3
votes

I need some help with Cuda GLOBAL memory. In my project I must declare Global array for avoid to send this array at every kernel call.

EDIT:

My application can call the kernel more than 1,000 times , and on every call I'm sending him an array with size more than [1000 X 1000], So I think it's taking more time , that's why my app works slowly. So I need declare Global array for GPU, So my questions are

1 How to declare Global array

2 How to initialize Global array from CPU before kernel call

Thanks in advance

2
Shared memory only has block scope. You cannot allocate and populate shared memory before a kernel runs. - talonmies
Maybe I need global memory ? Can I declare global array for every block, thread? - Hayk Nahapetyan
Yes you can but it doesn't solve any problem, try keeping your data in global memory and when you call the kernel, just copy it to shared memory in the kernel. but doing such doesn't help if you are using that data once or you only need a single data in your thread. then you are better off using a normal variable and assign that data to it. This way the compiler will automatically convert that variable to register. - Soroosh Bateni
Thank you very much for response, Can you please take a look for my edits? - Hayk Nahapetyan

2 Answers

5
votes

Your edited question is confusing because you say you are sending your kernel an array of size 1000 x 1000 but you want to know how to do this using a global array. The only way I know of to send this much data to a kernel is to use a global array, so you are probably already doing this with an array in global memory.

Nevertheless, there are 2 methods, at least, to create and initialize an array in global memory:

1.statically, using __device__ and cudaMemcpyToSymbol, for example:

 #define SIZE 100
 __device__ int A[SIZE];
 ...
 int main(){
   int myA[SIZE];
   for (int i=0; i< SIZE; i++) myA[i] = 5;
   cudaMemcpyToSymbol(A, myA, SIZE*sizeof(int));
   ...
   (kernel calls, etc.)
 }

(device variable reference, cudaMemcpyToSymbol reference)

2.dynamically, using cudaMalloc and cudaMemcpy:

 #define SIZE 100
 ...
 int main(){
   int myA[SIZE];
   int *A;
   for (int i=0; i< SIZE; i++) myA[i] = 5;
   cudaMalloc((void **)&A, SIZE*sizeof(int));
   cudaMemcpy(A, myA, SIZE*sizeof(int), cudaMemcpyHostToDevice);
   ...
   (kernel calls, etc.)
 }

(cudaMalloc reference, cudaMemcpy reference)

For clarity I'm omitting error checking which you should do on all cuda calls and kernel calls.

0
votes

If I understand well this question, which is kind of unclear, you want to use global array and send it to the device in every kernel call. This bad practice leads to high latency because in every kernel call you need to transfer your data to the device. In my experience such practice led to negative speed-up.

An optimal way would be to use what I call flip-flop technique.
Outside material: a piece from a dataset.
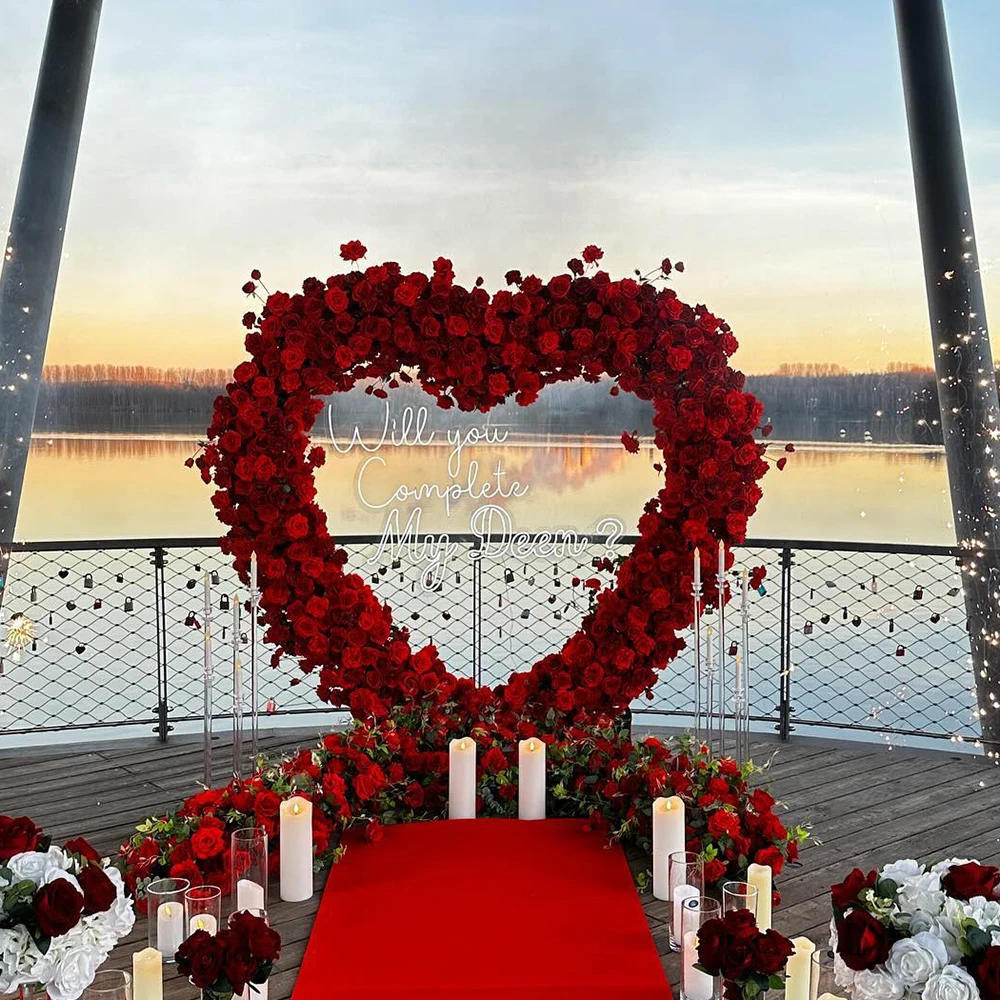 Description Picture 5 of itemWill You Complete My Deen? Neon Sign Custom Wedding Engagement Party Backdrop LED Neon Light Anniversary Party Decor Light Signs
The way you do it is:

  1. Declare two array in the device. d_arr1 and d_arr2
  2. Copy the data host -> device into one of the arrays.
  3. Pass as kernel's parameters pointers to d_arr1 and d_arr2
  4. Process the data into the kernel.
  5. In consequent kernel calls you exchange the pointers you are passing as parameters

This way you avoid to transfer the data every kernel call. You transfer only at the beginning and at the end of your host loop.

int a, even =0;
for(a=0;a<1000;a++)
{
  if (even % 2 ==0 )
   //call to the kernel(pointer_a, pointer_b)
  else
  //call to the kernel(pointer_b, pointer_a)
}